The second reason is that since the revolution is headless, it is also in a sense mindless. What I mean by that is that there is no coherent philosophical base on which the demonstrators can base an orderly progression toward their generalized goal of democracy. The reason is, of course, the lack of revolutionary leadership, itself the large result of Mubarak’s systematic, 30-year suppression of anybody who opposed him. Somewhere out there is the next leadership, but it probably does not know who it is or what it will try to do, and neither do we. The hope is, of course, that it will be a leadership devoted to what we (and hopefully the Egyptians themselves) hope it is–movement toeard a secular democracy. But maybe it is not, which is the great fear for Egypt and its contagious potential. Third, fashioning and creating a new, democratic system is a lot more complicated and time-consuming than tearing the old one down. That takes leadership and intellectual coherence that has not yet popped to the surface.  

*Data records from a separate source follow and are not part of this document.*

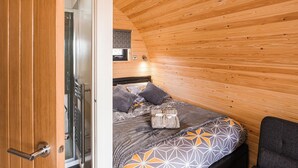 Un dormitorio acogedor con techo de madera, cama con ropa de cama estampada y una mesita de noche.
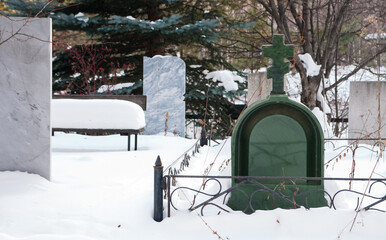 big tombstone on a graveyard in winter time
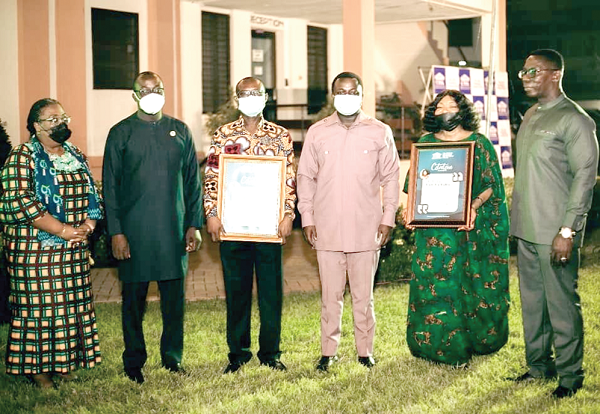 Rev. John Ntim Fordjour (2nd right), Deputy Minister of Education, flanked by the two awardees, Mrs Lydia Lariba Bawa (right) and Mr Kwame-Gazo Agbenyadzie (3rd right). With them are other officials of the CIIG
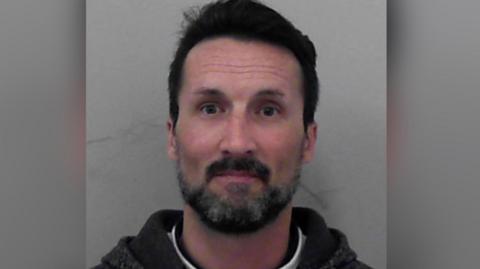 A mugshot of Mark Acklom. He has short dark hair and facial hair. He is pictured against a plain background with a blank expression. He is looking directly at the camera.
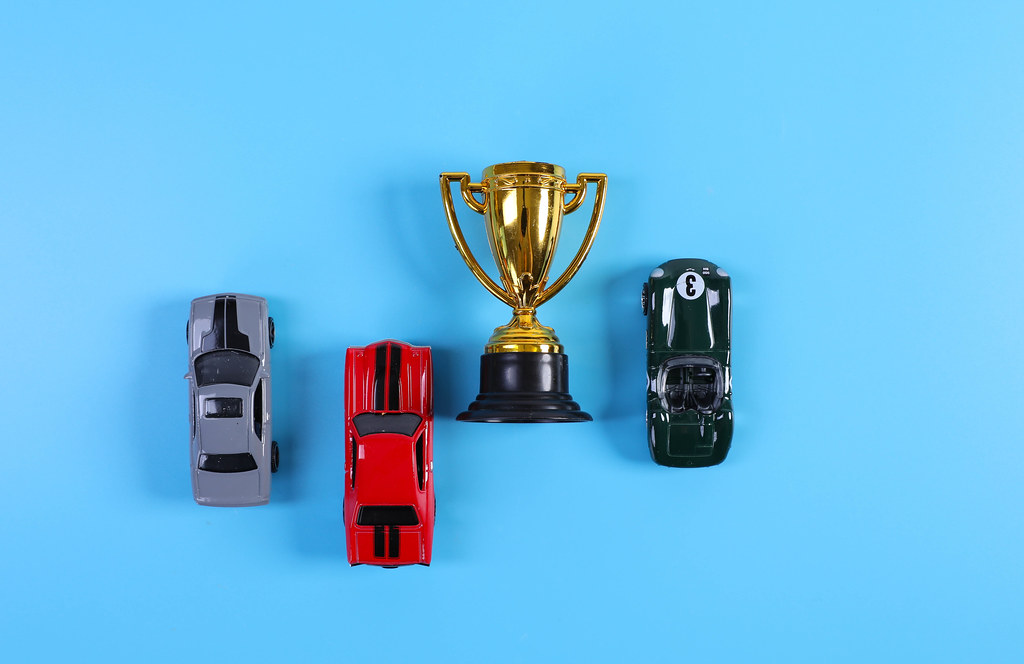 Golden trophy with toy racing cars on blue background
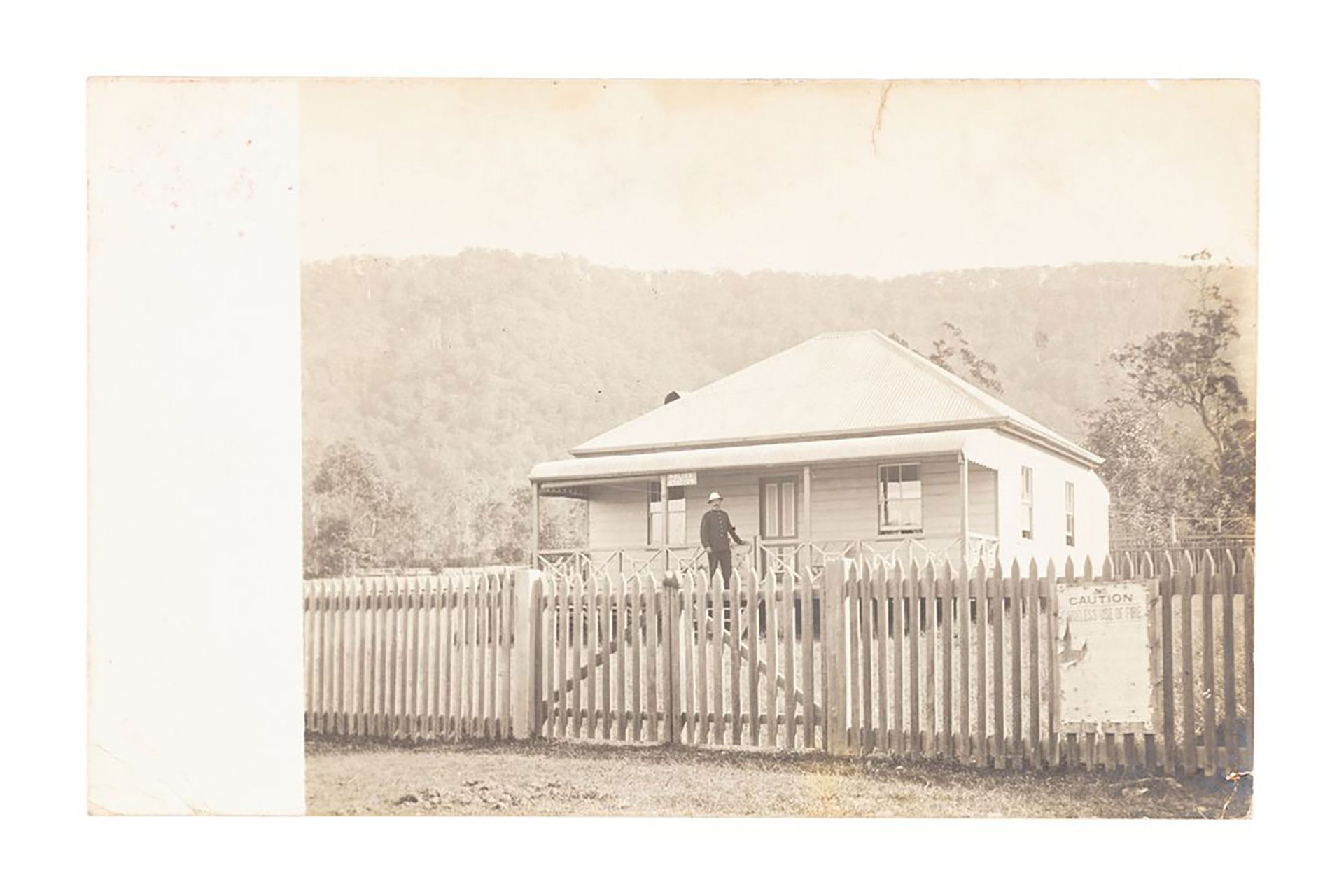 Laurieton Police Station. Sent 1906 (post mark)by Constable William Charles Kent to his mother-in-law Mrs. Hall. He says “This is our home” his wife was Mary Anna Kent (née Hall). That may be Const. Kent standing at the front of the building. He was later moved to Forster and other postcards in the collection were sent from there by the Kent family to the Hall family in Maitland, New South Wales.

The Egyptian uprising stands on the cusp of Crane Brinton’s (Anatomy of Revolution) classic second step, “the reign of terror and virtue.” It is the unsettled period, when the most radical elements come out and in the struggle for power various groups emerge and vie for defining what is virtue. Every real revolution has such a period, which will eventually be followed by a cooling off period in which the winners consolidate the outcome (Brinton’s thermidor). The question is whether this stage becomes radicalized or not: in the American Revolution, it did not (although the British of the time would not have agreed); in Russia and France (two of Brinton’s other case studies) it did. Which way will Egypt go?

One can become too readily apocalytical about the prospects. Egypt is, happily, not Iran, which makes its headlessness a virtue of sorts: in radical fundamentalist Iran and its spokesman Ruhollah Khomeini, the Iranians had a charismatic leader who defined virtue and commissioned the terror to implement it; Egypt does not. Whether the Egyptian movement will follow a path toward the kind of democracy–secular sounds nice to us, but probably not so much to Muslim Egyptians–that would be a beacon to the region is still an open question the answer which will depend on what Egyptians and outsiders (but especially Egyptians) do in the months that follow. Sitting and waiting for what happens next is hard for activist Americans to do, but it is probably the best we can do.

Whence Egypt?

Posted in Diplomacy, Egypt, Middle East Conflict, Middle East Peace with tags , , , , , on February 6, 2011 by whatafteriraq

The news columns and airwaves are filled with speculation about what may happen next in Egypt. Egyptian president/strong man Hosni Mubarak is hanging on by his fingernails, having dismissed virtually everyone (except his former colleagues and supporters in the military) to try to assuage the throngs on the Cairo streets, but it is clear that the demonstrations will not end until he physically steps down. What remains of this phase of the process of change in Egypt (the removal of the old guard) is mostly negotiating the terms of departure.

This in itself is proving tricky, for two reasons. One is about what happens to Mubarak physically in the process. The president said in his interview with ABC News this week that he does not intend to leave the country–that he plans to die on Egyptian soil–but his detractors insist he must physically leave the scene–depart Egypt. This could all be solved either by letting him go somewhere in internal exile within Egypt, but the demonstrators do not trust him enough to want him to do so. A temporary exit from the country–an overseas “vacation” that included assurances he could return into retirementat some point–might satisfy the demonstrators, but Mubarak is likely to balk, for fear (probably well deserved) that a new government would renege on the promise to let him return to die on Egyptian soil. The other possibilities–he is simply allowed to stay, serve out his term, and then retire somewhere within the country or that he be consigned to permanent exile–will not please both sides. Fortunately, no one has yet suggested seriously a Shah of Iran or Saddam Hussein solution.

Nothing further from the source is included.